Um dos principais caminhos para mitigar os impactos desta mudança pelo ajuste das estratégias dos ecossistemas locais de inovação é o desenvolvimento de Clusters de Inovação liderados pelo setor empresarial. Este movimento precisa colocar as empresas estabelecidas no território no centro das atenções das políticas municipais de inovação, a partir da priorização das vocações econômicas locais e suas respectivas cadeias produtivas. Com isso, será possível organizar e orquestrar os serviços de apoio ao empreendedorismo inovador e à pesquisa tecnológica tendo escopos econômicos bem definidos, incluindo teses de investimento mais claras e, portanto, atrativas para as empresas e veículos de investimento públicos ou privados.

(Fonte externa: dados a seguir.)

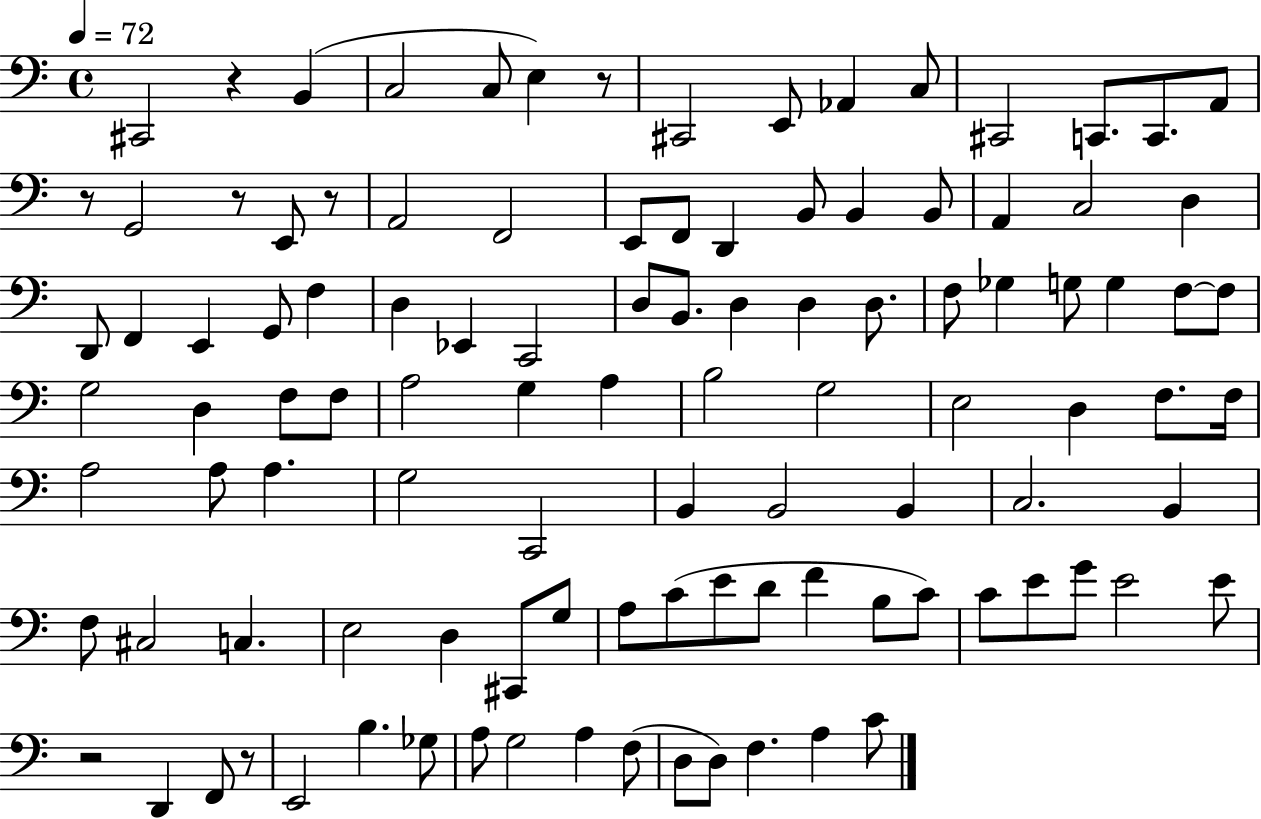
C#2/h R/q B2/q C3/h C3/e E3/q R/e C#2/h E2/e Ab2/q C3/e C#2/h C2/e. C2/e. A2/e R/e G2/h R/e E2/e R/e A2/h F2/h E2/e F2/e D2/q B2/e B2/q B2/e A2/q C3/h D3/q D2/e F2/q E2/q G2/e F3/q D3/q Eb2/q C2/h D3/e B2/e. D3/q D3/q D3/e. F3/e Gb3/q G3/e G3/q F3/e F3/e G3/h D3/q F3/e F3/e A3/h G3/q A3/q B3/h G3/h E3/h D3/q F3/e. F3/s A3/h A3/e A3/q. G3/h C2/h B2/q B2/h B2/q C3/h. B2/q F3/e C#3/h C3/q. E3/h D3/q C#2/e G3/e A3/e C4/e E4/e D4/e F4/q B3/e C4/e C4/e E4/e G4/e E4/h E4/e R/h D2/q F2/e R/e E2/h B3/q. Gb3/e A3/e G3/h A3/q F3/e D3/e D3/e F3/q. A3/q C4/e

Este desafio afetará também as Unidades da Federação do Brasil que têm menor porte – e menor poder de consumo de bens e serviços – e/ou que são mais exportadores de produtos para outros estados. Nesses casos, os Governos estaduais também terão a mesma dificuldade já relatada neste artigo, e precisarão trabalhar com as Prefeituras e Ecossistemas de Inovação presentes em seu território, de forma a ajudar a potencializar as vocações econômicas de cada região e suas capacidades de desenvolvimento de tecnologias e empreendimentos inovadores. 

Assim, talvez este seja o melhor momento para que os Governos implantem efetivamente estratégias regionais de inovação. A partir do modelo de referência do RIS3, terceira versão das Regional Innovation Strategies (Estratégias Regionais de Inovação) da Comunidade Europeia, é possível colaborar com os diferentes Ecossistemas de Inovação para desenvolver políticas públicas em nível estadual que criem complementaridade econômica de Clusters de Inovação que cooperem entre si, o que inclusive ajudará a reduzir uma certa competição que existe hoje entre os polos inovadores. 

Portanto, o cenário de ameaça trazido pela mudança do domicílio de cobrança do futuro IBS da Reforma Tributária pode ser uma oportunidade para que os Estados e Municípios afetados ajustem suas políticas de desenvolvimento econômico, para potencializar a capacidade de gerar e consumir inovação. Caso este trabalho seja bem-sucedido, além de neutralizar a potencial drástica redução na arrecadação tributária local, haverá o reforço da competitividade das cadeias produtivas instaladas no território, prevenindo crises econômicas futuras e potencializando o desenvolvimento do território de forma sustentável.